Sem civismos artificiais, as eleições municipais também possuem uma faceta importante, pois são as prefeituras que, no limite, executam as políticas públicas. Se um Prefeito manda extensivamente menos do que o Presidente ou os governadores, por outro lado, é ele, dentre todos os citados, quem detém o maior controle sobre uma territorialidade juridicamente qualificada e circunscrita, qual o seja, o município. O locus da política é a pólis, isto é, a cidade, no nosso caso, o município (o dispositivo jurídico mediante o qual a cidade se expressa no nosso meio e tempo).

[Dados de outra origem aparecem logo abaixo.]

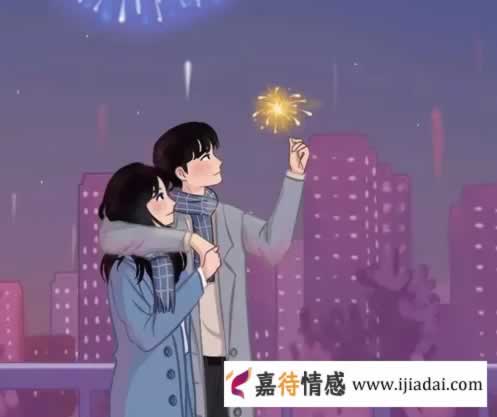 交往时,男人这三方面“不行”,双方早晚一拍两散_情感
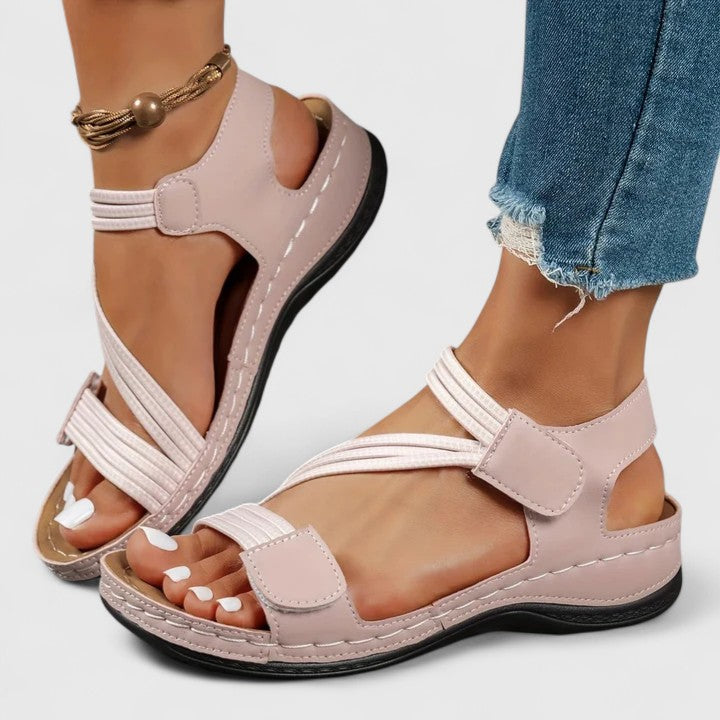 JOY | SOPHISTICATED SANDALS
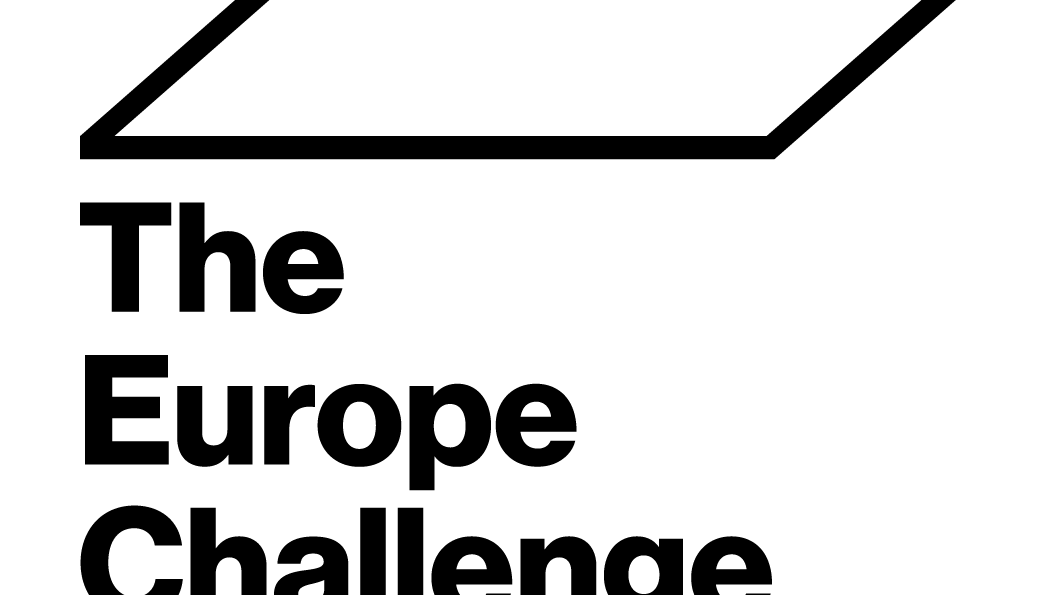 Logo The Europe Challenge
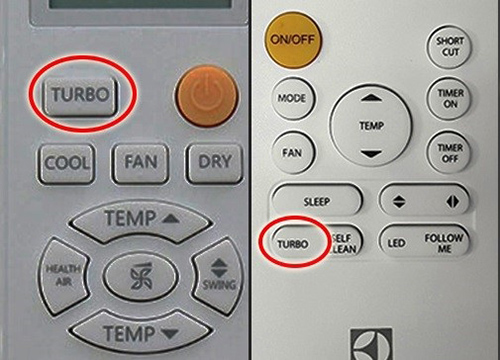 Không phải "Cool", đây mới là chế độ mát nhất của điều hòa: Có ở điều khiển nhưng nhiều người chưa biết- Ảnh 2.
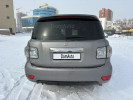 Nissan Patrol 2012 года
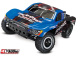 RC auto Traxxas Slash 1:10 OBA RTR, modrá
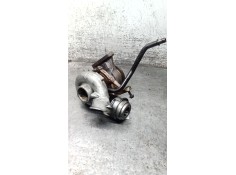 Recambio de turbocompresor para mercedes-benz sprinter 02.00  caja abierta 311 cdi (903.611-612-613) referencia OEM IAM A6110960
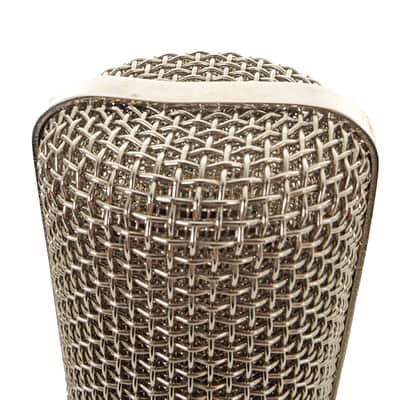 Warm Audio WA-251 Tube Condenser Microphone image 2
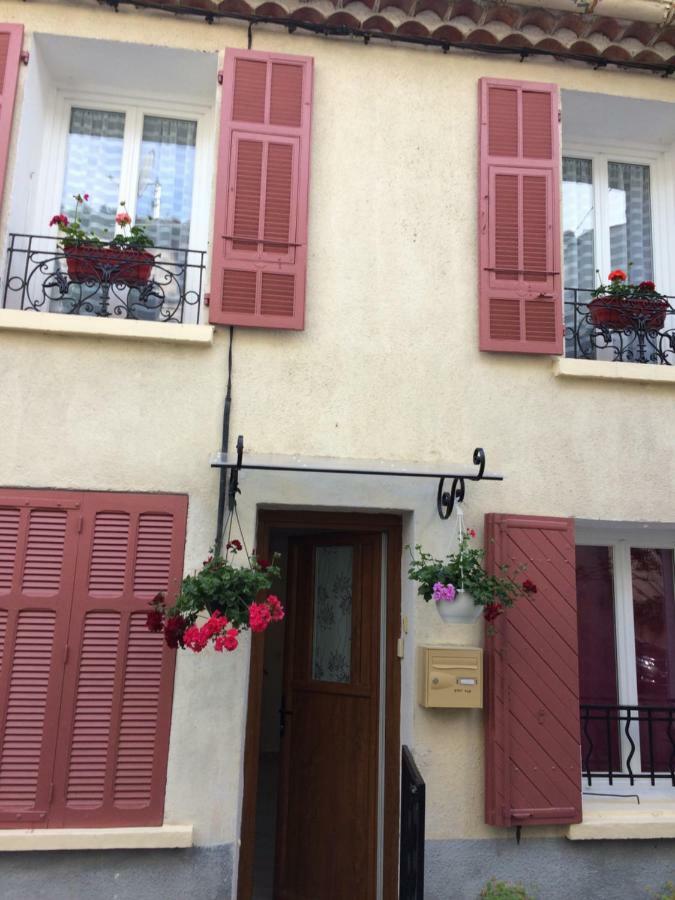 福卡尔基耶Maison De Vacances别墅 外观 照片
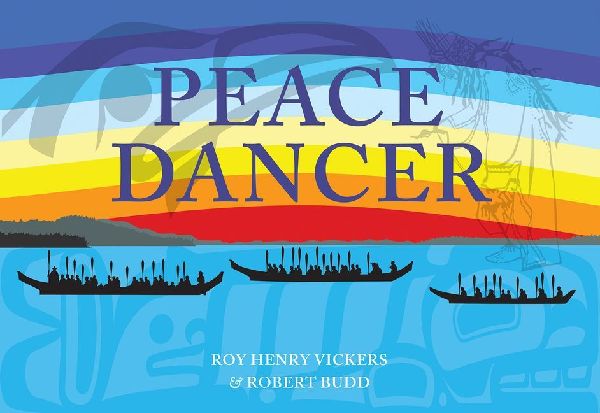 Peace Dancer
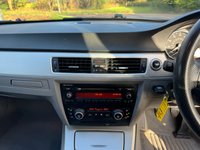 USED 2008 08 BMW 3 SERIES 2.0 318i Edition SE Touring 5dr Petrol Manual Euro 4 (143 ps) 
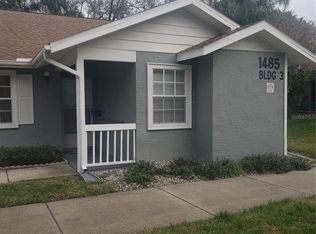 1485 Oak Hill Dr APT 104, Dunedin, FL 34698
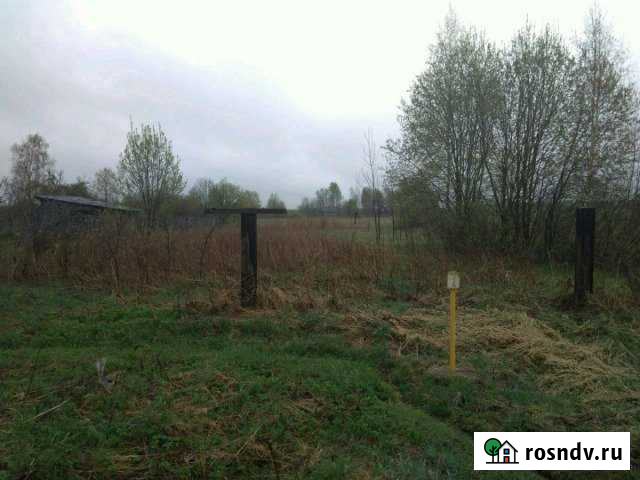 Участок ИЖС 12 сот. на продажу в Осташкове Осташков - изображение 1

Dentro de uma perspectiva que adote a luta social no contexto do espaço urbano, as relações éticas de habitação e resistência, como paradigma é possível escolher dois enfoques válidos: o primeiro deles é aquele que parte da análise das peças do jogo político - ainda que não se iluda com a aclamação eleitoral, mas que conceba os efeitos reais de seu exercício -, tendo em vista a gradual nacionalização dos pleitos municipais; o outro é o que olha a partir das demandas reais, de problemas que podem ser específicos de determinados lugares, mas que costumam ser fruto da lógica de administração universal.
Podemos e vamos usar os dois enfoques, conforme for, ao longo desta campanha. Primeiro, que sem entrar frontalmente no mérito do nosso sistema político - ou mesmo da nossa forma de pensar a política -, é fato que dentro de seu jeito de funcionar padrão, há um esgotamento programático como nunca antes visto. E se nunca se pensou tão pouco a cidade, nunca se nacionalizou tanto uma campanha municipal: os acordos e desacordos entre os partidos são pensados e pesados em uma lógica estritamente nacional.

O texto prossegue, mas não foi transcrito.